### Exercise objective
Further down are entries; set down exactly and only the lines from the one with "Abstract fractal illustration" up to and including the one with "S62 7LD map", dropping each picture.

### Information provided
== Segment start ==

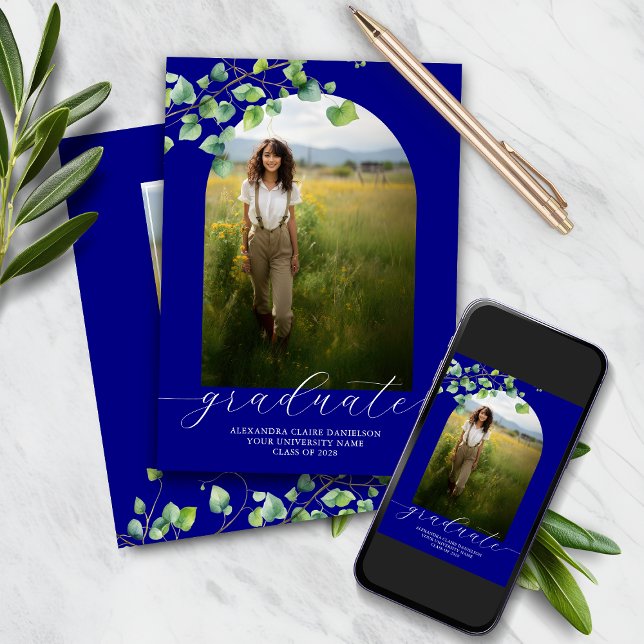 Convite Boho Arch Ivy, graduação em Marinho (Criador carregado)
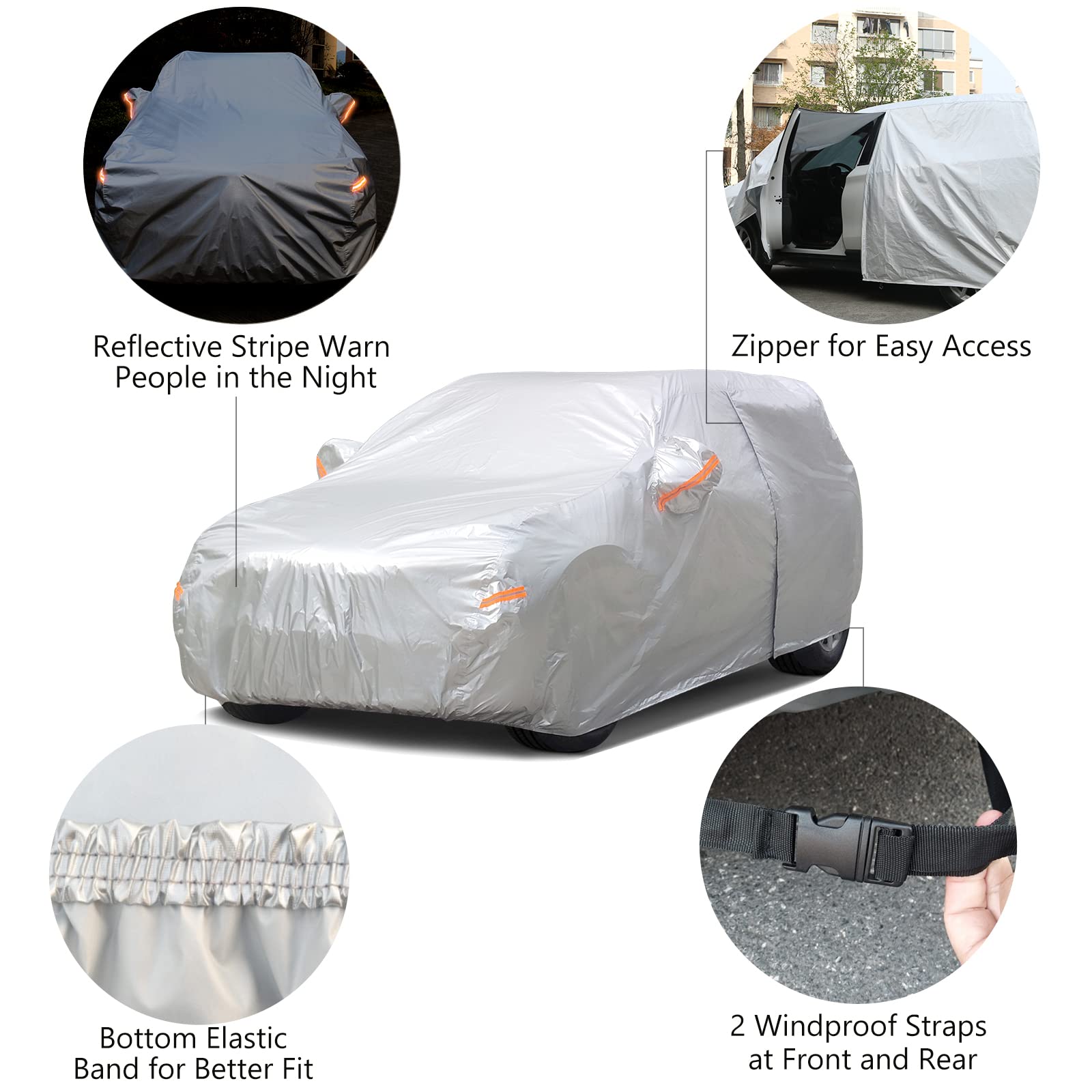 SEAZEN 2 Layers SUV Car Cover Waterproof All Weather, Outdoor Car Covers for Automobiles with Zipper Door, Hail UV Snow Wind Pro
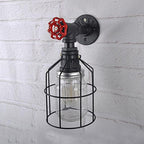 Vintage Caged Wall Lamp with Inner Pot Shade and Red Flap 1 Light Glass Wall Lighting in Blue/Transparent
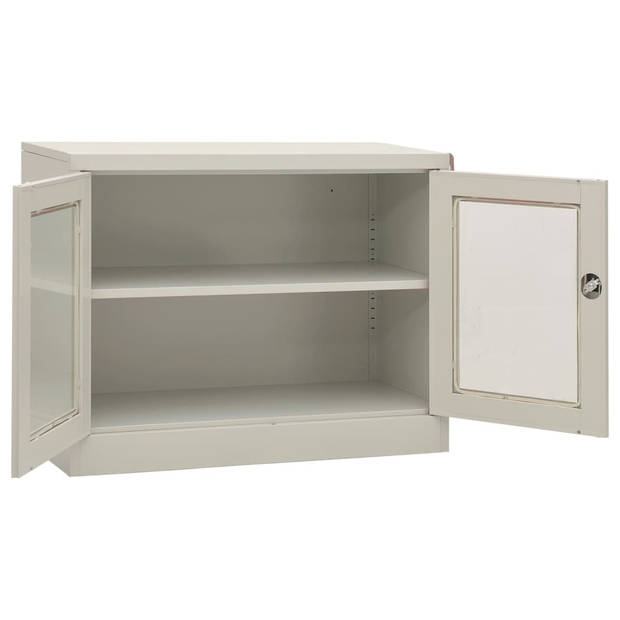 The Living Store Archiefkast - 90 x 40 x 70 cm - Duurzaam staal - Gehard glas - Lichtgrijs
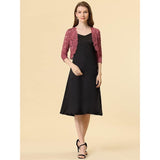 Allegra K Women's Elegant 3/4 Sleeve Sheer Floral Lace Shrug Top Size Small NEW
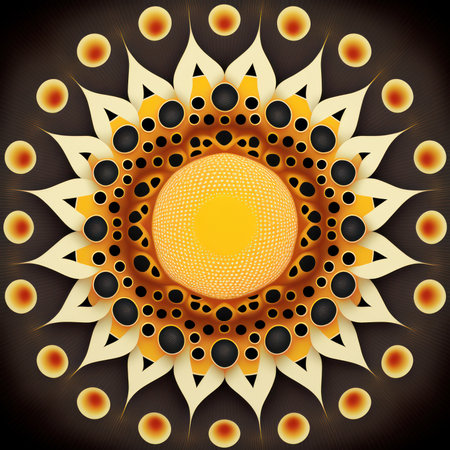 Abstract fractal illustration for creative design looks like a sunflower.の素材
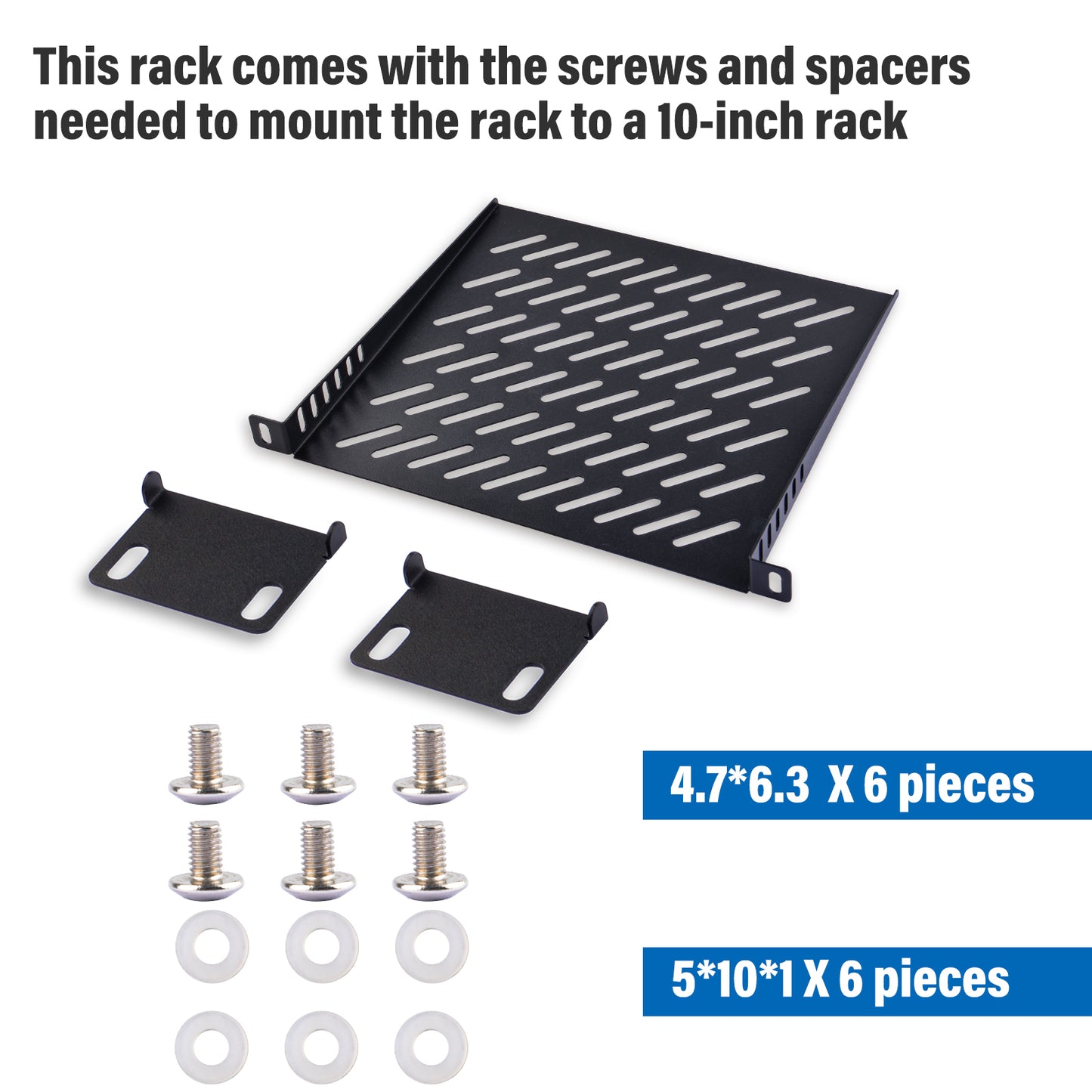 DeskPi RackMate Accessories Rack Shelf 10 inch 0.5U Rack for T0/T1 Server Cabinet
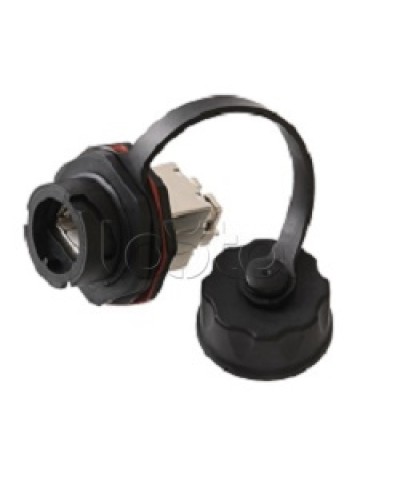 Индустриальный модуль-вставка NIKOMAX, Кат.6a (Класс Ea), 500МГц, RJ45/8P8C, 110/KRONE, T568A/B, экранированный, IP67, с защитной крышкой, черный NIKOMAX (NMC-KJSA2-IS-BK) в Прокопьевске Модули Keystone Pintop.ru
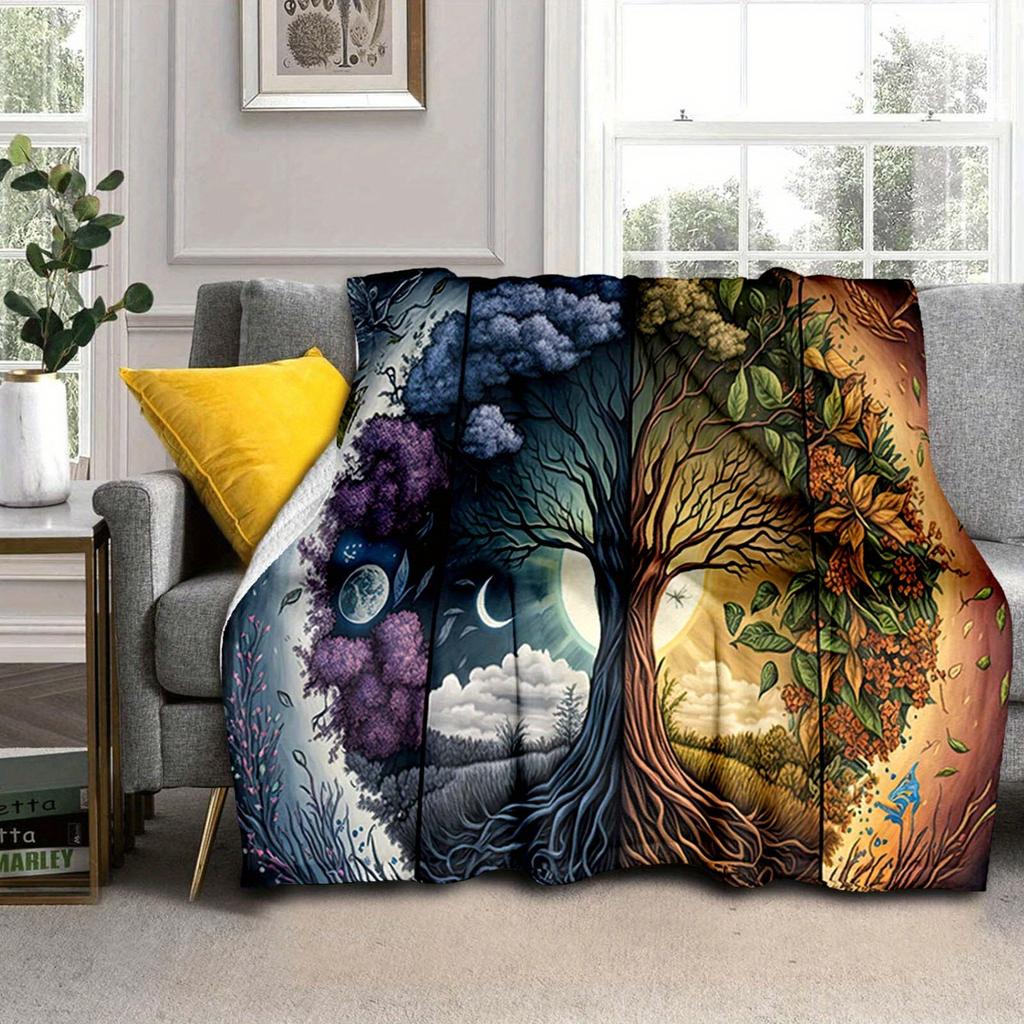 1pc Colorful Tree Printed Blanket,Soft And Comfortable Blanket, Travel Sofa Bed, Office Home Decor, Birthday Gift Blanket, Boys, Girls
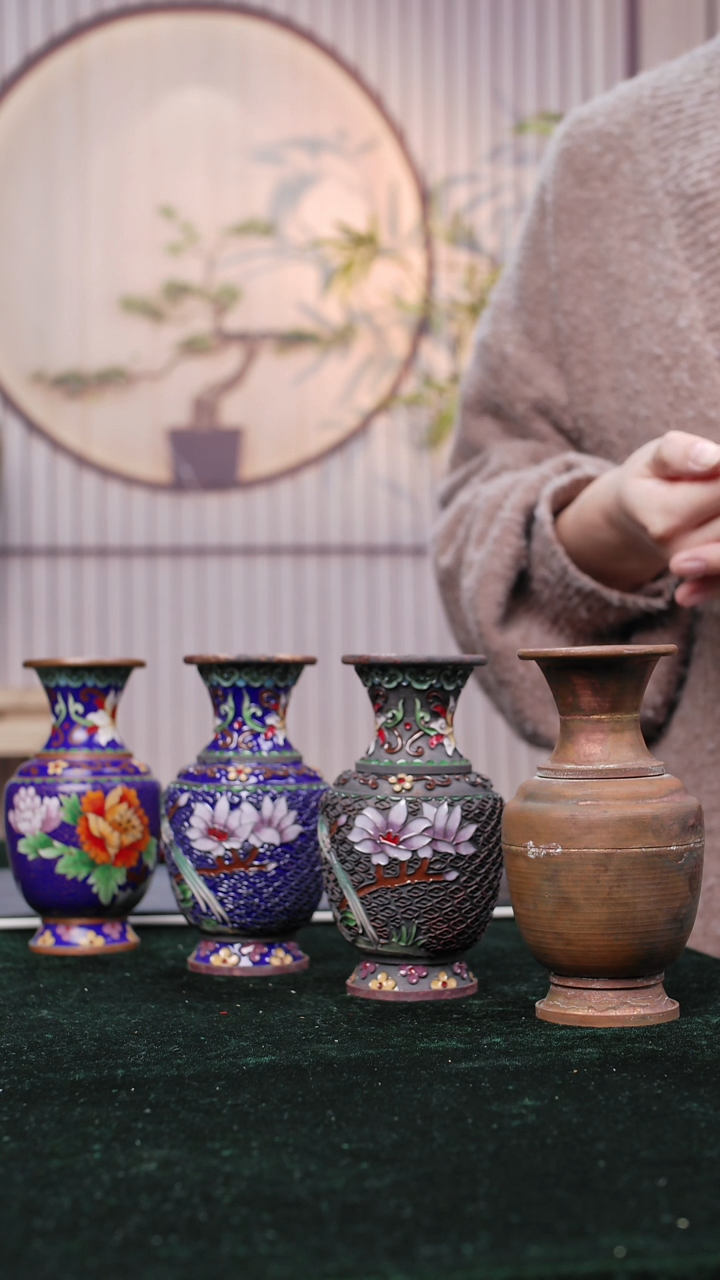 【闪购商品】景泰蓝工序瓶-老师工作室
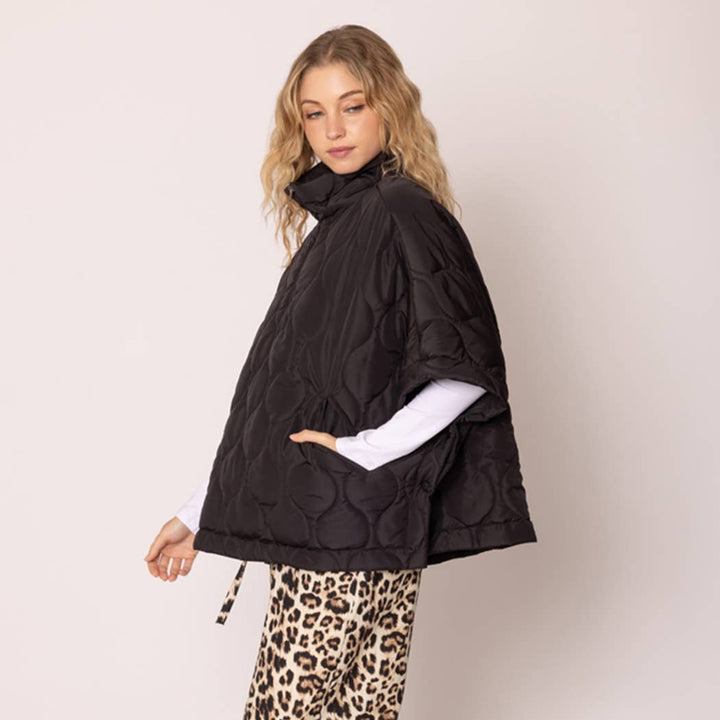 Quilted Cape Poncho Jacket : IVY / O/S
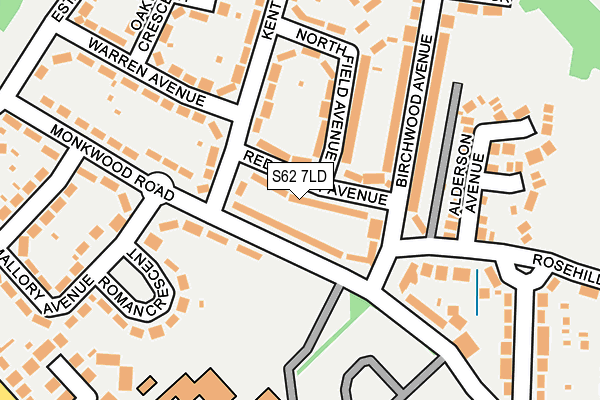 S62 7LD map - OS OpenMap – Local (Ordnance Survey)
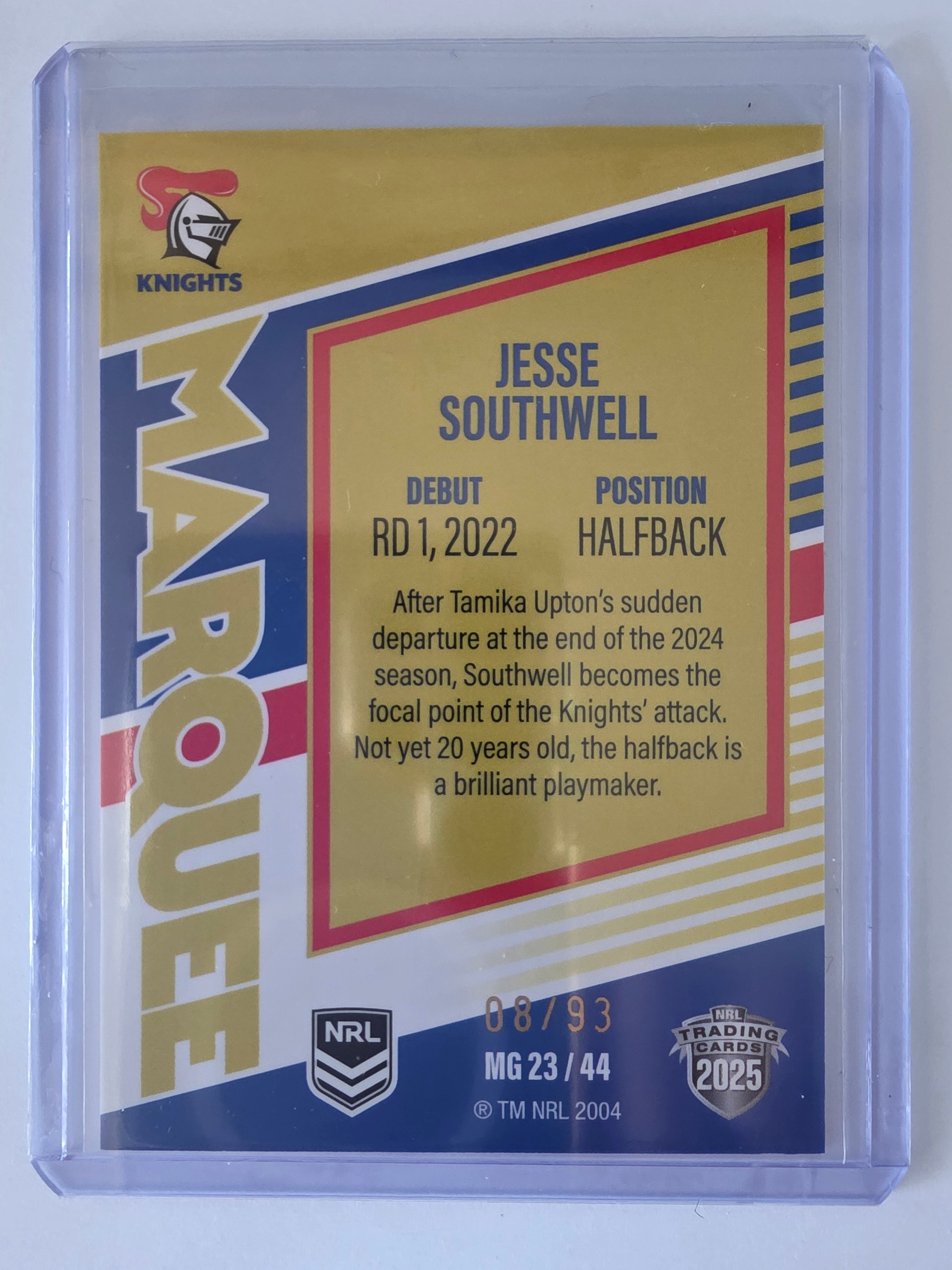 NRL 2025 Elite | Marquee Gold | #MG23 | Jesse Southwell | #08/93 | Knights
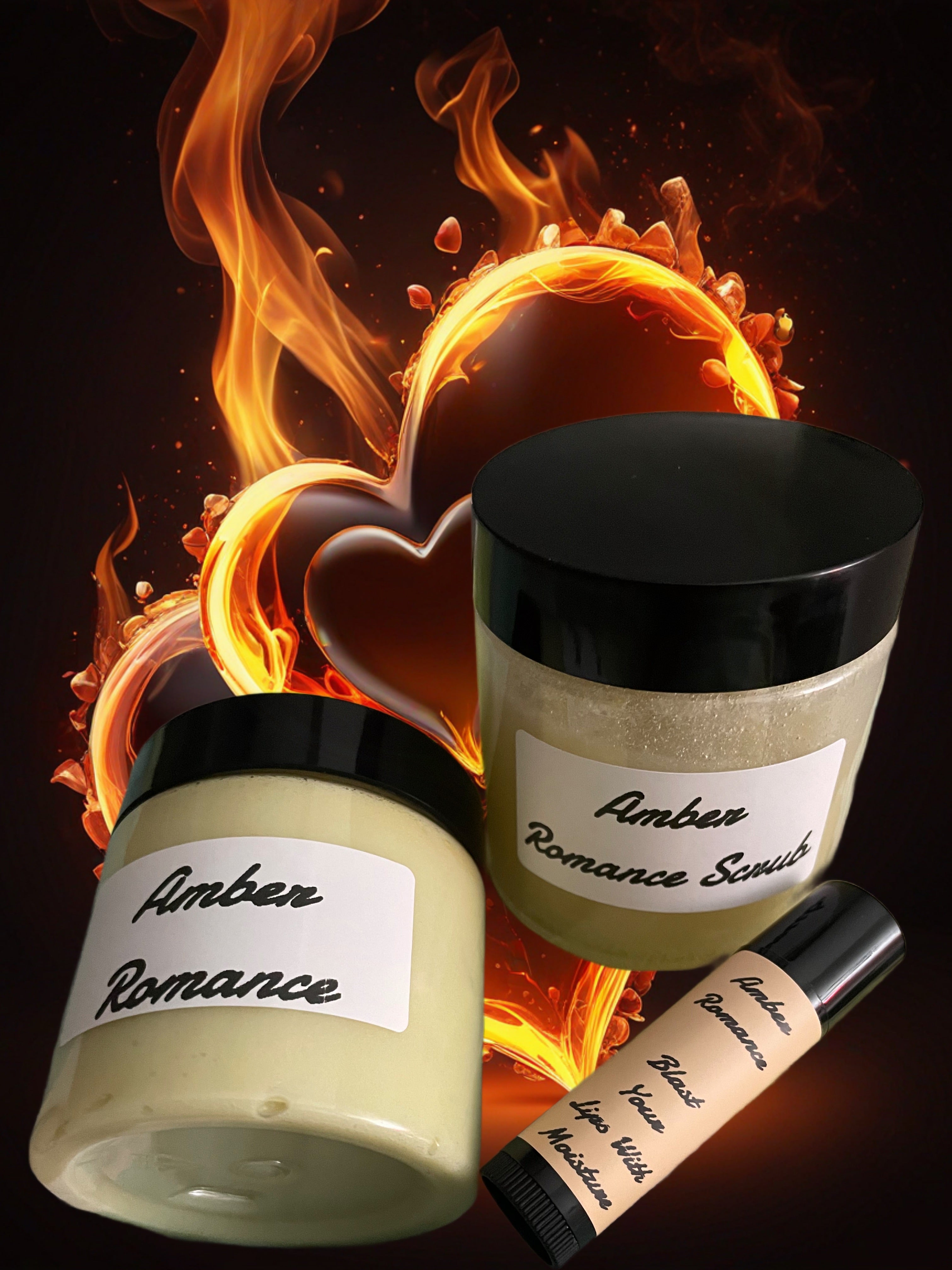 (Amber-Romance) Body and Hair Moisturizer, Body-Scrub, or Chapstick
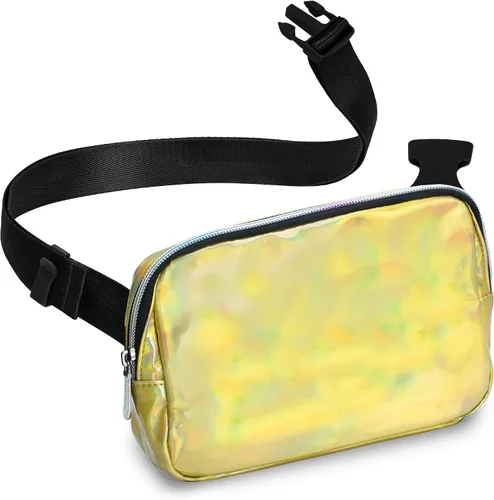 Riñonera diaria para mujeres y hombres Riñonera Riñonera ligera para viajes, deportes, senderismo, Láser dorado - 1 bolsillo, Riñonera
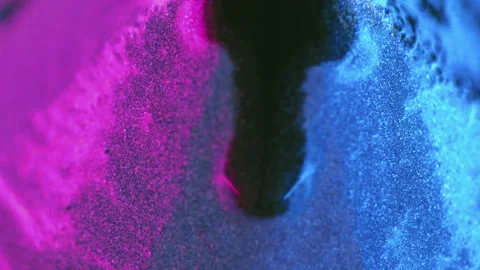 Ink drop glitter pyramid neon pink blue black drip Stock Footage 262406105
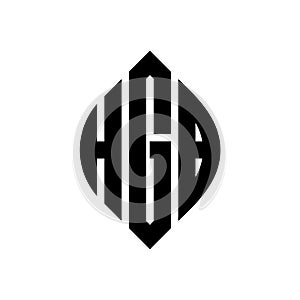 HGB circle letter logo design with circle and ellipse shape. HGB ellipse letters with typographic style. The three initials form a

== Segment end ==

### Exercise response
 Abstract fractal illustration for creative design looks like a sunflower.の素材
 DeskPi RackMate Accessories Rack Shelf 10 inch 0.5U Rack for T0/T1 Server Cabinet
 Индустриальный модуль-вставка NIKOMAX, Кат.6a (Класс Ea), 500МГц, RJ45/8P8C, 110/KRONE, T568A/B, экранированный, IP67, с защитной крышкой, черный NIKOMAX (NMC-KJSA2-IS-BK) в Прокопьевске Модули Keystone Pintop.ru
 1pc Colorful Tree Printed Blanket,Soft And Comfortable Blanket, Travel Sofa Bed, Office Home Decor, Birthday Gift Blanket, Boys, Girls
 【闪购商品】景泰蓝工序瓶-老师工作室
 Quilted Cape Poncho Jacket : IVY / O/S
 S62 7LD map - OS OpenMap – Local (Ordnance Survey)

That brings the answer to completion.